Bu durumda özelleştirme ne anlama
geliyor?
Yabancılar, yedi yıl içinde 34 milyar dolar yatırdı, Türkiye’nin bütün stratejik kuruluşlarının tapusunu üzerine aldı. Verdikleri parayı yedi yıl içinde kazandılar. Yedi yılın sonunda, Türkiye’nin elinde hiçbir stratejik kuruluş kalmadığı gibi bu şirketlerin kârları da yurt dışına aktı.
İşte Tayyip Erdoğan hükümetlerinin en büyük eseri budur.


-----------------------

Atalay, niçin kişisel açıklama yapmadı?
Diyarbakır eski milletvekili Hatip Dicle, kapatılan DTP’nin Genel Başkanı Ahmet Türk’ün 15 Ekim 2009’da İçişleri Bakanı Beşir Atalay ile görüştüğünü söylemiş ve bu görüşmede Bakan Atalay’ın “Müsteşarımı Diyarbakır’a gönderdim. Hâkim ve savcılar ayarlandı, gelen PKK’lılar geldikleri gibi geçecekler” dediğini iddia etmişti.
İçişleri Bakanı Beşir Atalay, bu konuda kişisel açıklama yapmak yerine kurumsal açıklama yaptırmayı tercih etti.
İçişleri Bakanlığı açıklamasında, “Atalay’ın Ahmet Türk’e söylediği iddia edilen ifadeler gerçek dışıdır. İç güvenlikten sorumlu bir Bakanlık olarak, İçişleri Bakanı Beşir Atalay, Bakanlık Müsteşarı Osman Güneş’i iller arasında güvenlikle ilgili koordinasyonu sağlamak üzere görevlendirmiştir. Türkiye Cumhuriyeti bir Hukuk Devletidir. Giriş yapanlarla ilgili tüm işlemler bağımsız yargı organlarının görev ve yetkileri dahilinde ve hukuki çerçevede gerçekleşmiştir.
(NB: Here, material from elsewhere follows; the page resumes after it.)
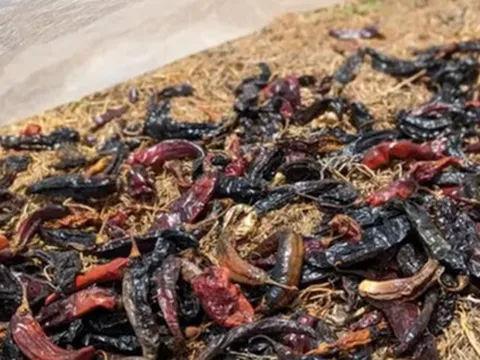 Một loại quả của Việt Nam được người Lào cực kỳ mê: Là gia vị triệu đô đắt hàng của thế giới, thu về hơn 100 tỷ đồng kể từ đầu năm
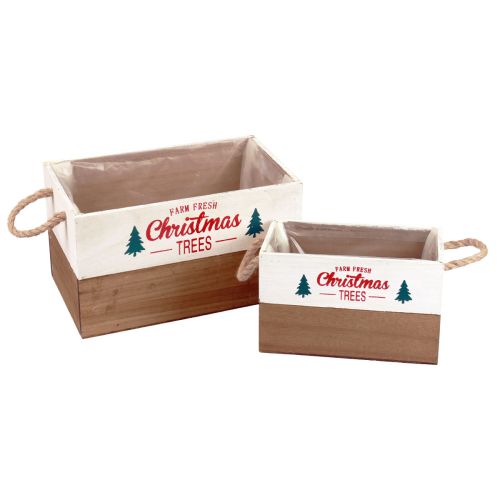 Floristik24 Pflanzkasten Holz Rechteckig Holzkiste L25/35cm 2er-Set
Bu konuda Bakanlığımızın bir müdahalesi olmadığı gibi, söz konusu da olamaz” denildi.
CHP Genel Başkanı Deniz Baykal bu açıklamayı yeterli görmemiş olacak ki konuyla ilgili olarak Başbakan ve İçişleri Bakanı hakkında gensoru önergesi vereceklerini bildirdi.
Atalay, bu konuda kamuoyuna bizzat açıklama yapmalıdır.